Why Nigeria's biggest airline shut down for a day
Why Nigeria's biggest airline shut down for a day

Nigeria's aviation sector is in dismal shape right now.

A recession, combined with a shortage of dollars, high costs and scarce fuel supplies have created the perfect storm for the industry.

One domestic airline went bust at the start of the month and another has halted services, citing problems getting hold of foreign currencies. Major international airlines -- including United Airlines and Spanish carrier Iberia -- have stopped operating in Nigeria altogether.

On top of it all, a temporary shutdown this week by the country's largest airline -- Arik Air -- set off alarm bells.

Arik Air has since resumed operations after Tuesday's shutdown, and Arik's chairman was quick to point out that it was not due to wider problems in the sector. But he admits that business conditions are tough.

Johnson Arumemi-Ikhide, chairman of Arik Group, told CNNMoney that the shutdown, which left hundreds of passengers stranded, came after the airline's insurance expired.

The company had to scramble to get chartered planes for its passengers on Tuesday, and then scheduled additional flights on Wednesday to get operations back to normal.

Arumemi-Ikhide dismissed reports that the company was experiencing financial difficulties.

"Arik is profitable. It's not as profitable as the hard work we put in, but we made around $6 million to $7 million [last year]. When you look at our assets, cash and everything, we are positive.
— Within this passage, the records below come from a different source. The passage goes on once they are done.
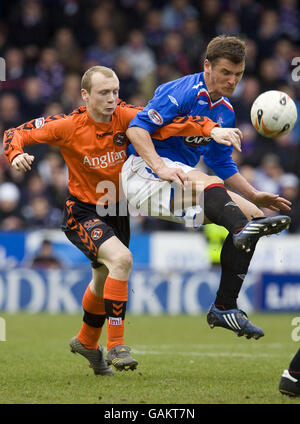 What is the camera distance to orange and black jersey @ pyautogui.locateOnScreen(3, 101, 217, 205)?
658 cm

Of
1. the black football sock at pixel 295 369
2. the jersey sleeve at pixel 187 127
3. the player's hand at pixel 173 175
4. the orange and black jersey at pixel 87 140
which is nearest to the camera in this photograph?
the black football sock at pixel 295 369

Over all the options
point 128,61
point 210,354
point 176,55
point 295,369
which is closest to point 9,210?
point 128,61

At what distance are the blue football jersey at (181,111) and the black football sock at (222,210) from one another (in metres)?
0.60

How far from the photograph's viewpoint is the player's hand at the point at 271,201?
6.46 m

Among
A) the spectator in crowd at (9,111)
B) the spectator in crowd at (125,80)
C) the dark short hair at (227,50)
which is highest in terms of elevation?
the spectator in crowd at (125,80)

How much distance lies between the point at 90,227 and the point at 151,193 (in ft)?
1.95

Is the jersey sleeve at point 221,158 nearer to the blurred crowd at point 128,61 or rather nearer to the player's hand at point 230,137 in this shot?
the player's hand at point 230,137

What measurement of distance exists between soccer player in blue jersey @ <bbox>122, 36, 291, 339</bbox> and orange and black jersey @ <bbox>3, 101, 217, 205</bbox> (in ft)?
0.45

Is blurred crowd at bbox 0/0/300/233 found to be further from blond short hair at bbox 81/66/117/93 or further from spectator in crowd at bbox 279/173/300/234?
blond short hair at bbox 81/66/117/93

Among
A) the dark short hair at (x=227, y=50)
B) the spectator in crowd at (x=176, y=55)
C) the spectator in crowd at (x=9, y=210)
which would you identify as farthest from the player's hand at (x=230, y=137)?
the spectator in crowd at (x=176, y=55)

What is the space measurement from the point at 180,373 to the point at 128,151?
1987 millimetres

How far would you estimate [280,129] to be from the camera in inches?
241

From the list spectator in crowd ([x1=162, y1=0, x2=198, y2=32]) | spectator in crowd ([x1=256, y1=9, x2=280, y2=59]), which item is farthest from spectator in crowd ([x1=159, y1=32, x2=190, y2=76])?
spectator in crowd ([x1=256, y1=9, x2=280, y2=59]) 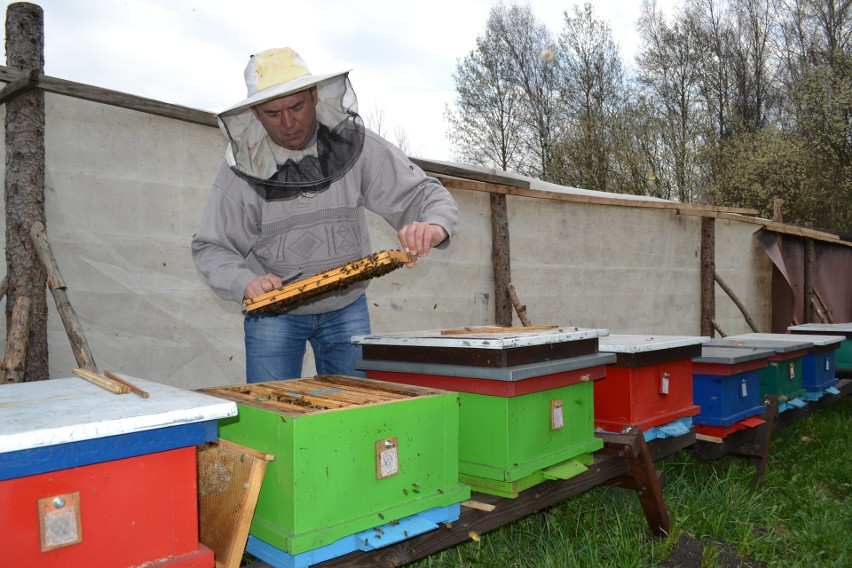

The issue of bankruptcy doesn't come to mind at all."

arik air boeing 737
Arik Air was forced to temporarily shutdown operations on Tuesday due to insurance problems.

But Arumemi-Ikhide said Nigeria's capital controls, which restrict the flow of U.S. dollars within the country, hurts airlines. Essentially, some sectors have easier, cheaper access to dollars than the airlines. This has forced Arik to buy dollars through unofficial channels at a higher exchange rate.

In June, under pressure from low oil prices that have slammed Nigeria's export revenues, the central bank devalued the naira.

That in turn led to a further drop in the flow of U.S. dollars into the country as investors feared instability.

The currency crisis isn't the only problem. Profits in the notoriously tough airline industry are "thin" partly due to expensive fuel prices and scarce supplies, said Arumemi-Ikhide.

Additionally, poor infrastructure is an issue: Many runways are in bad repair, and it can be difficult for passengers to reach airports in the evenings.

"There's a need for the government to address some of the issues if they want the industry to survive," he said. "All the airlines are struggling."

Nonetheless, Arumemi-Ikhide said his company had a strong line of credit and was on track for an initial public offering in 15 months.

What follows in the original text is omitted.